───── INPUT RECORDS ─────

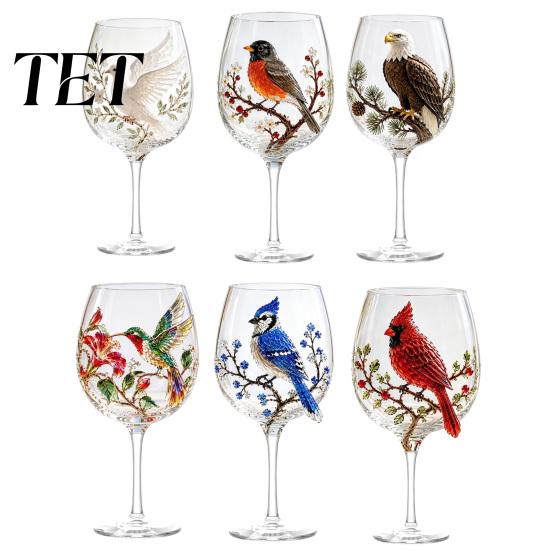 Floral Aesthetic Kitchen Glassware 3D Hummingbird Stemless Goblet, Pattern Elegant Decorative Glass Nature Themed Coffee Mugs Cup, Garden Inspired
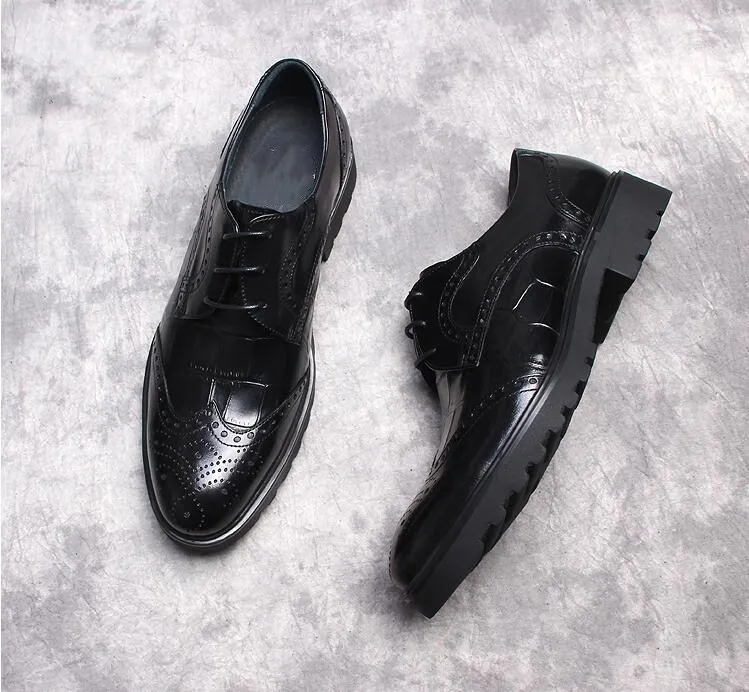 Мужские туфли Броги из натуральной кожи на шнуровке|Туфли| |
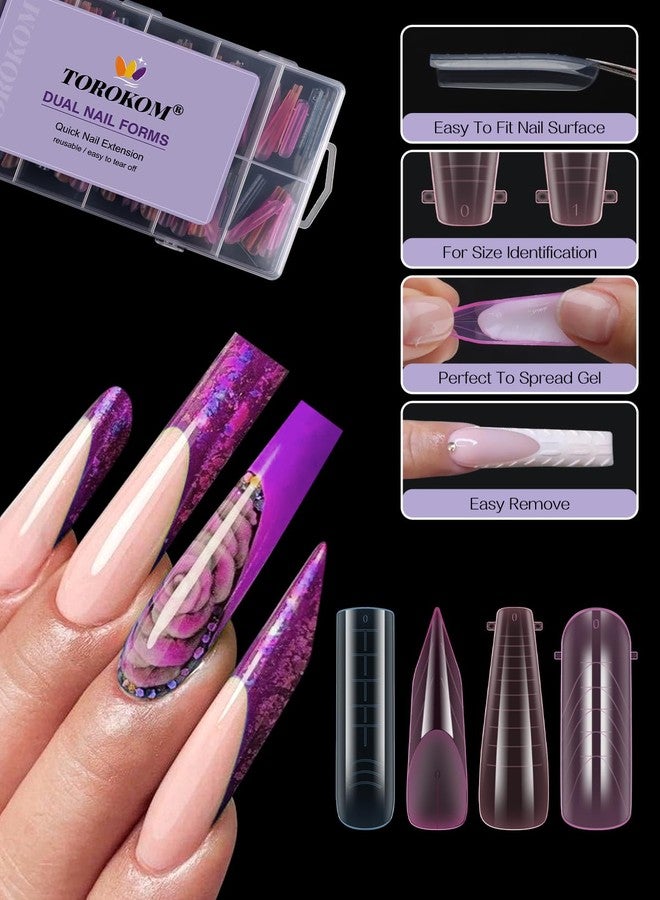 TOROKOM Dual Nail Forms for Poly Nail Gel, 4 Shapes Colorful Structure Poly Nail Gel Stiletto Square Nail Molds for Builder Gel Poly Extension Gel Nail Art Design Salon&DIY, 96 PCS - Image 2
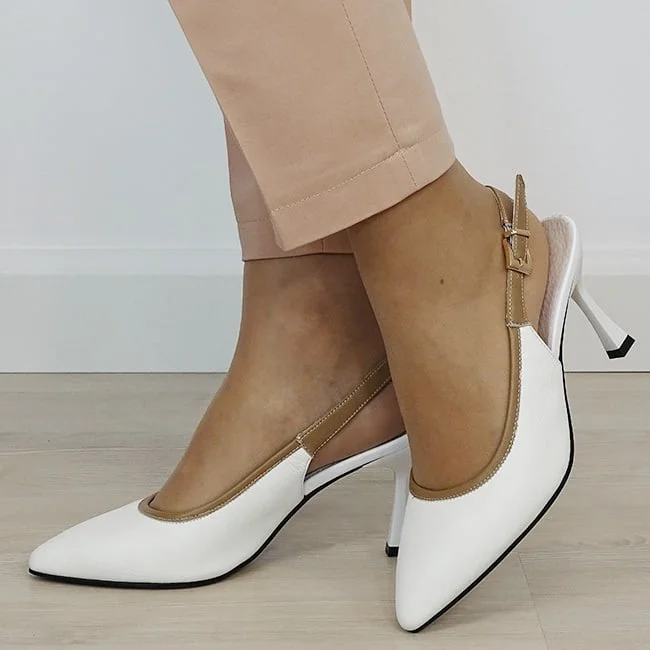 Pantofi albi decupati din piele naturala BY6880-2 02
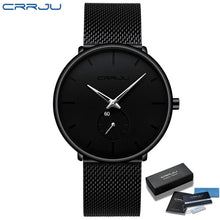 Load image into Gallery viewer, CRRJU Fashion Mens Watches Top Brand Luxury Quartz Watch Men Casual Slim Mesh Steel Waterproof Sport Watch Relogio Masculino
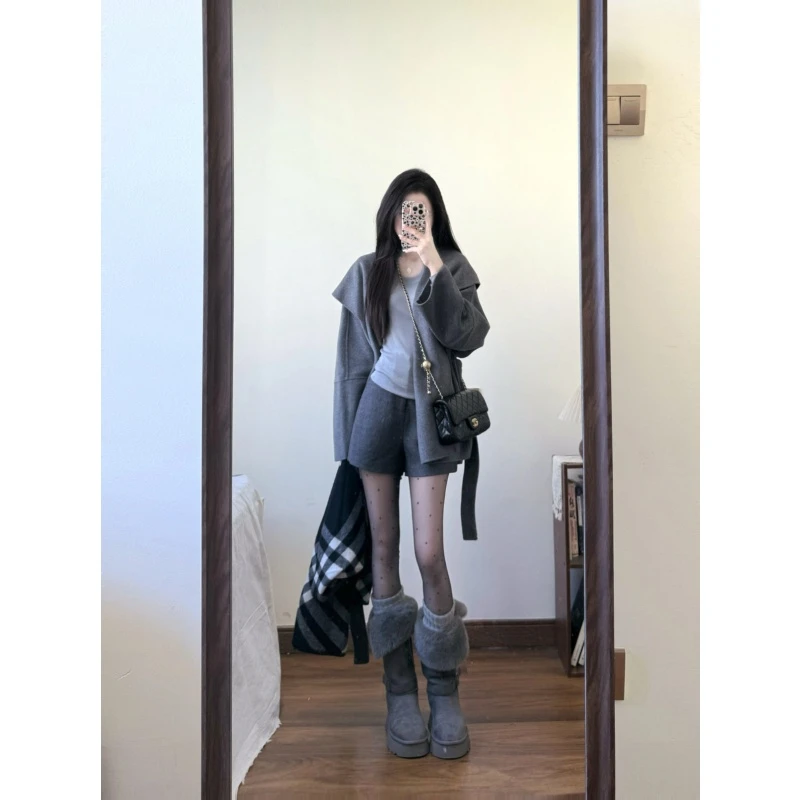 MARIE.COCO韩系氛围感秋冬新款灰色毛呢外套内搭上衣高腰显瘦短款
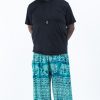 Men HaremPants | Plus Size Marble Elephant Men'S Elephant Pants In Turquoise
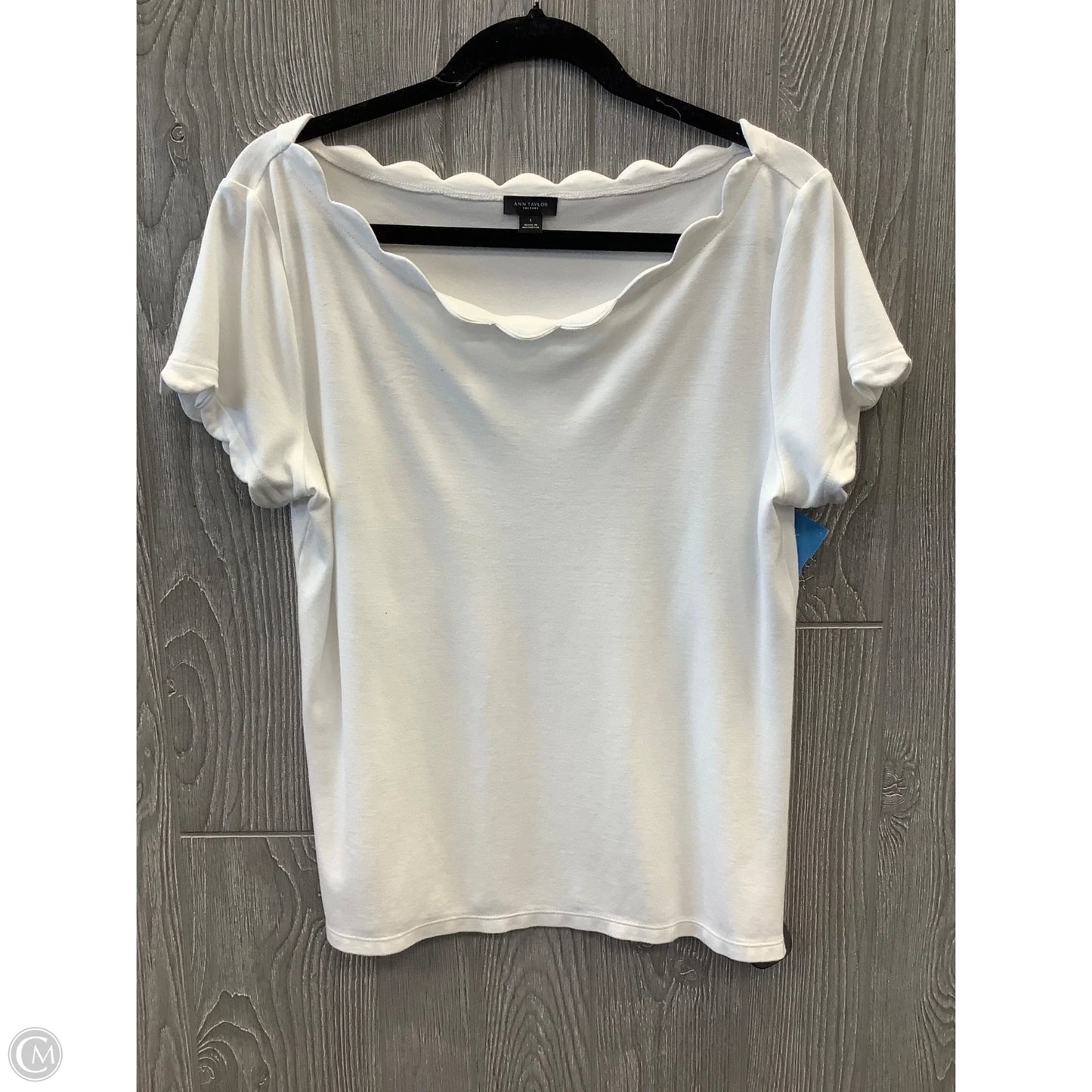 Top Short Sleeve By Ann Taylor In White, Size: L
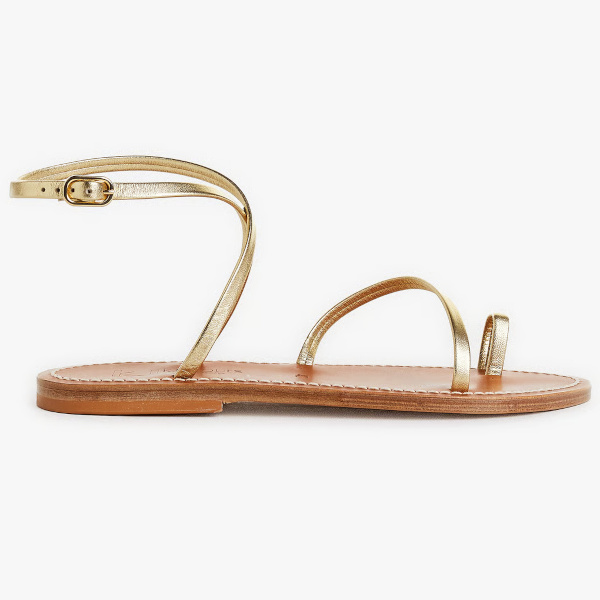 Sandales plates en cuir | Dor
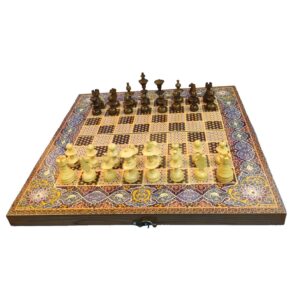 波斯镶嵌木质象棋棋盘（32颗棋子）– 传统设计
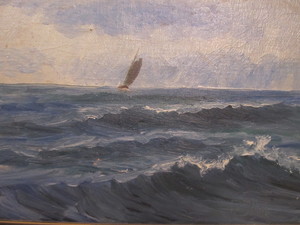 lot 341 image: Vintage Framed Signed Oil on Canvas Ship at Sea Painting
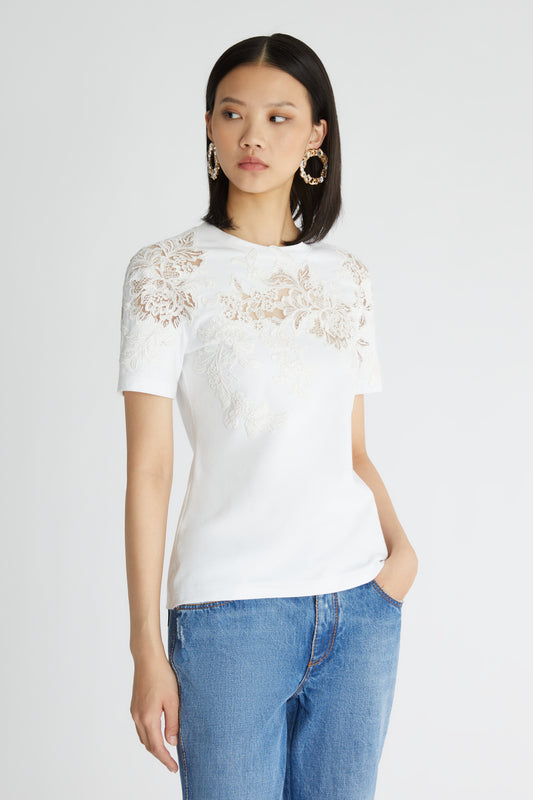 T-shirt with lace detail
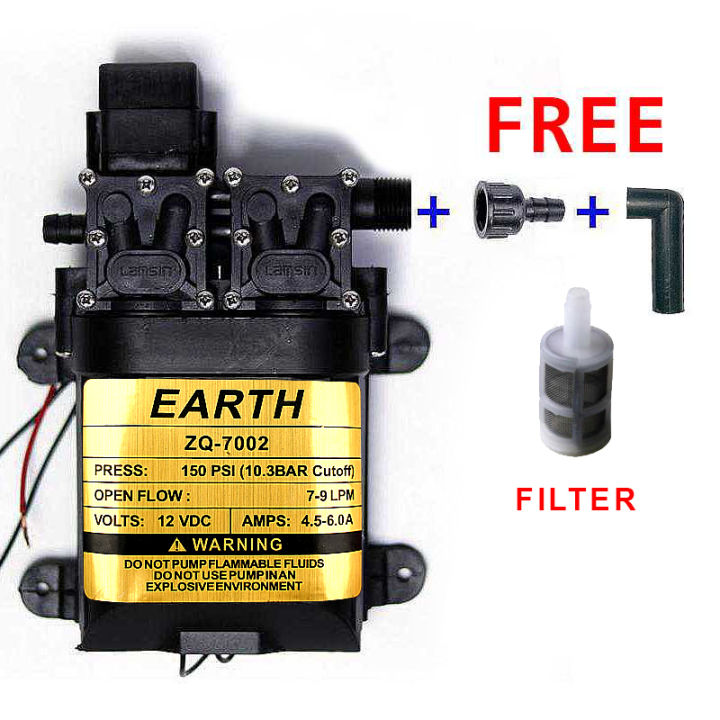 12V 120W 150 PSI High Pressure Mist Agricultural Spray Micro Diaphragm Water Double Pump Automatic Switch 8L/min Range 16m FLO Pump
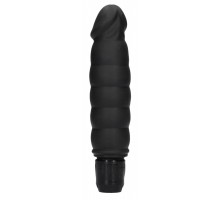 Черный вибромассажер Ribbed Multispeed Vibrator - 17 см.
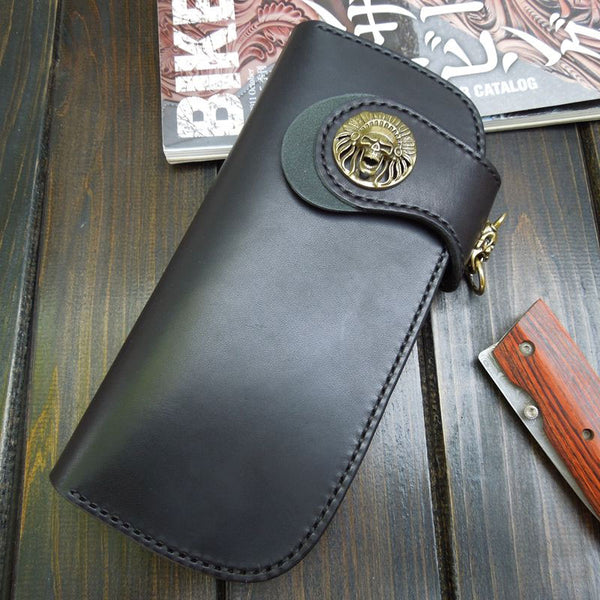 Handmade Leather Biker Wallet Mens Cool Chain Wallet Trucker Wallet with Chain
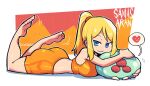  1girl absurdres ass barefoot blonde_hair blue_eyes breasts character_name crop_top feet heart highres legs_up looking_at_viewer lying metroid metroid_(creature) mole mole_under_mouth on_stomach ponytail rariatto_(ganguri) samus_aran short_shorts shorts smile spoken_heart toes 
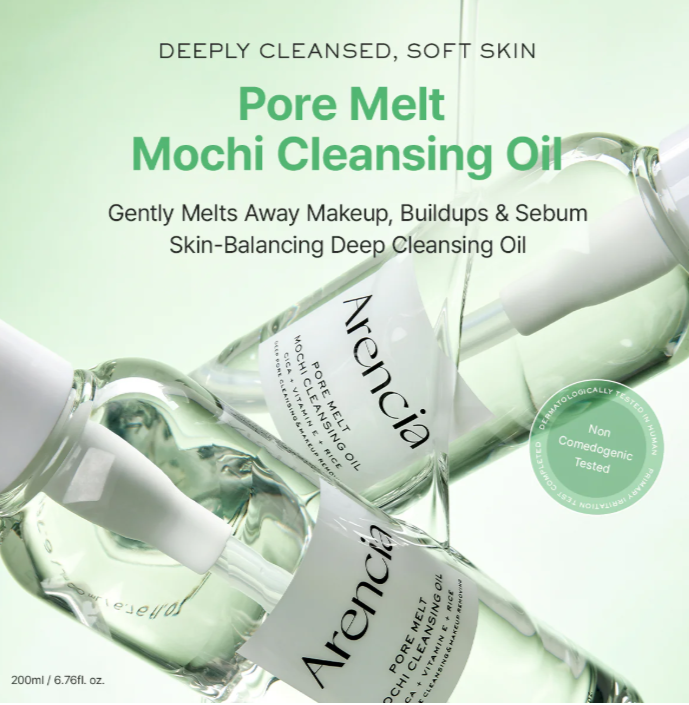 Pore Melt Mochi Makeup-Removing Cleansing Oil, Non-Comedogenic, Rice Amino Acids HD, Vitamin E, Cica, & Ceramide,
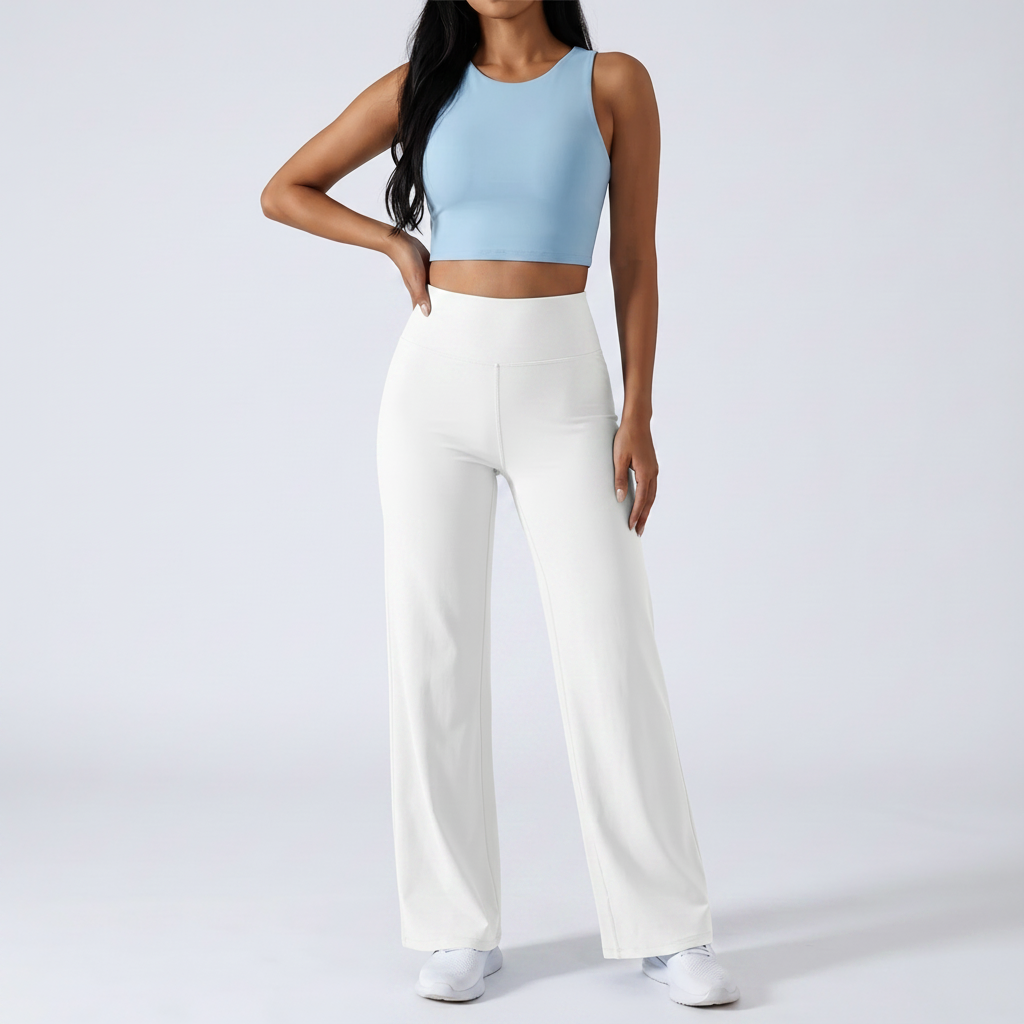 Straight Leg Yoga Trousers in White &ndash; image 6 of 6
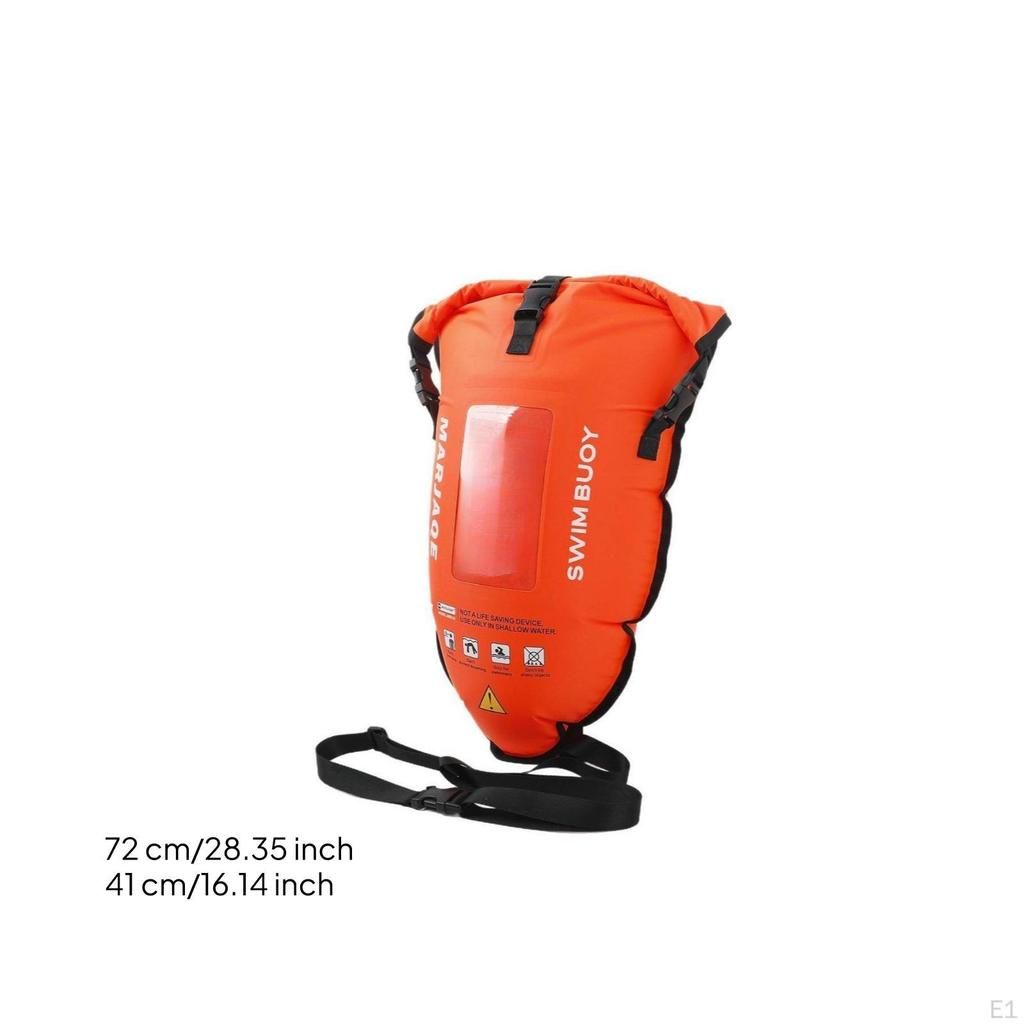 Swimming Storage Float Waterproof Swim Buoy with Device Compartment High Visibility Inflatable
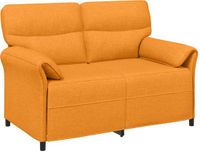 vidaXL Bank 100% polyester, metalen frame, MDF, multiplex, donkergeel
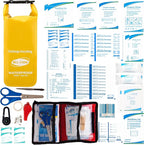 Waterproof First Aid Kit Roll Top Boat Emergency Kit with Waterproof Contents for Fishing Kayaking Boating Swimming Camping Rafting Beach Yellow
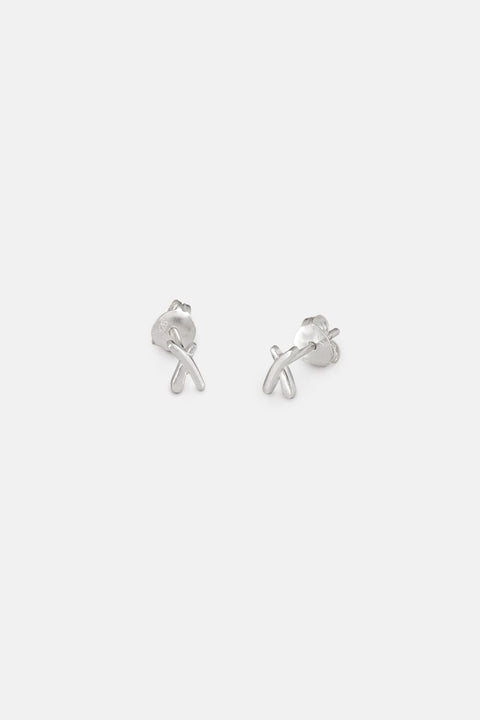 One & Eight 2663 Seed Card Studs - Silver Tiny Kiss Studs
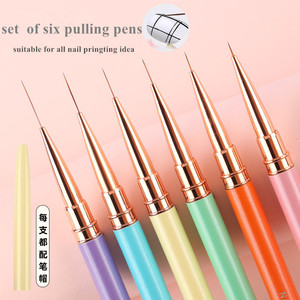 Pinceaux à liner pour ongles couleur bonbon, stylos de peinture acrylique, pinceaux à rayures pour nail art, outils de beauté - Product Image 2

─────

## ACTION ITEM
What is needed is an exact copy of the lines above, from the one holding "波斯镶嵌木质象棋棋盘（32颗棋子）– 传统设计" down to the one holding "T-shirt with lace detail", with those two included and the pictures left out.

## TASK ANSWER
 波斯镶嵌木质象棋棋盘（32颗棋子）– 传统设计
 lot 341 image: Vintage Framed Signed Oil on Canvas Ship at Sea Painting
 T-shirt with lace detail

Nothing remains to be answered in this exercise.